I'm not sure I'd categorize non-work Web browsing at the office as a bad habit. As I've written before, I think allowing at least some personal Internet use at work is a good idea, for a number of reasons. And I've questioned the numerous attempts to determine how much productivity is lost, in dollar terms, to Web-surfing employees.

 

Still, I like the idea of new services designed to help users see exactly how much time they fritter away on unproductive management of online activities, not just Web browsing but e-mail and instant messaging. The latter two are both problems for me, and for others too. In this post about Twitter, I mention the IM issues of IT Business Edge VP Ken-Hardin and marketing guru Seth Godin.

 

The Wall Street Journal took a couple of services that purport to help with time management for a spin.
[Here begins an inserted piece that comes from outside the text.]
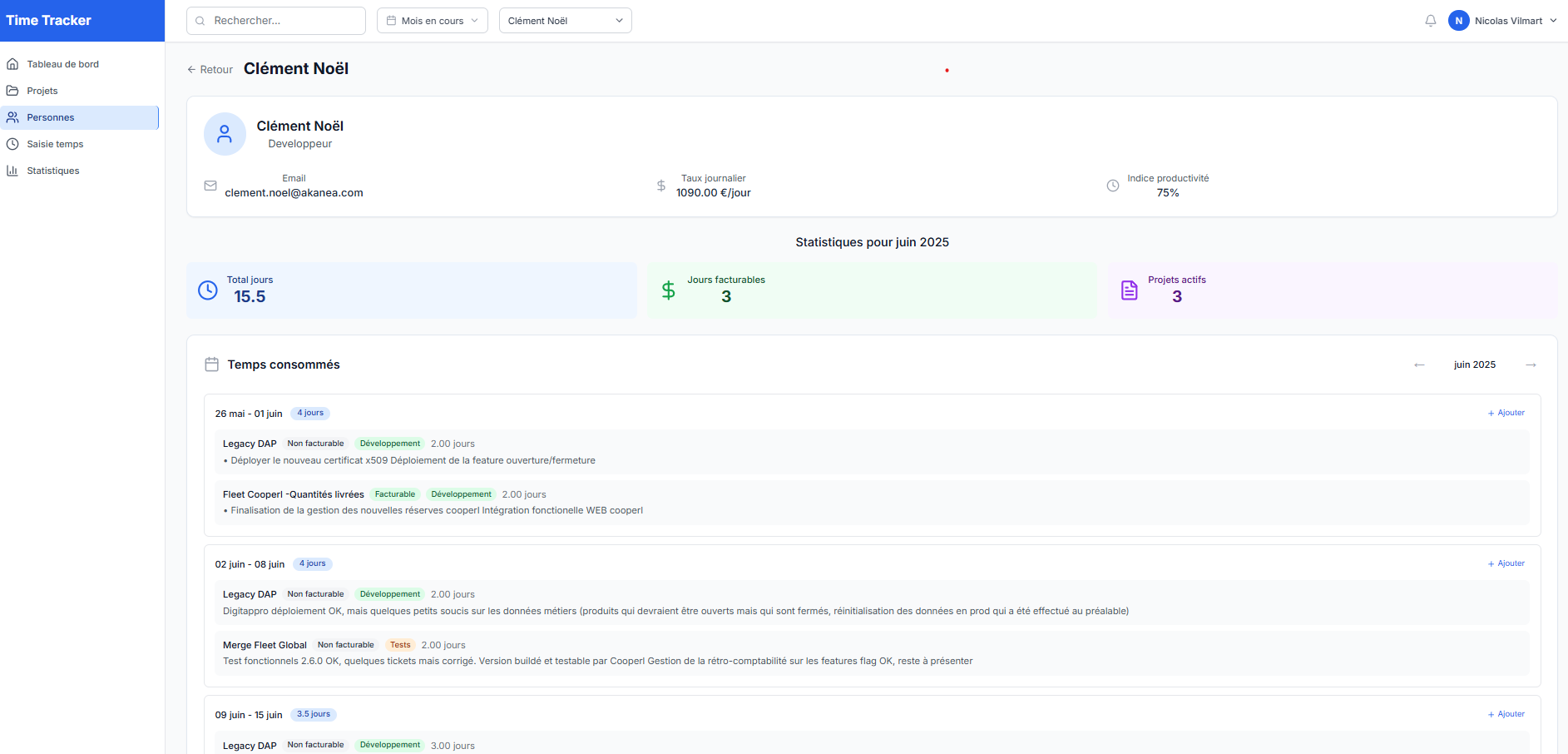 Time Tracker — Détail d'un membre d'équipe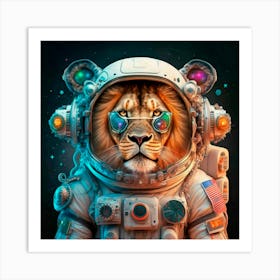 Lion In Space Art Print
By helping users figure out how much time you spend on certain tasks, people can make adjustments where necessary. The providers of one of the services, RescueTimePro, found its users switch to an IM window 71 times a day, or 11.5 times an hour, and visit an average of 57 Web sites or applications a day. Not a bad thing necessarily, but such habits certainly don't lend themselves well to performing tasks that require focus.

 

All four services the WSJ writers tried sound interesting, though they might not provide a true picture of how time is spent. As the author of the article points out, just knowing the length of Facebook sessions would be recorded made the writers less likely to linger.

 

Two of them, Klok and ManicTime, are free, while RescueTimePro and Slife each cost about $5 a month. (The WSJ participated in free trials for the latter two.) Most of the services employ bar graphs and other visual tools to quickly reveal productivity patterns. Seeing is believing when it comes to behavior modification, as I pointed out in my example in the first paragraph.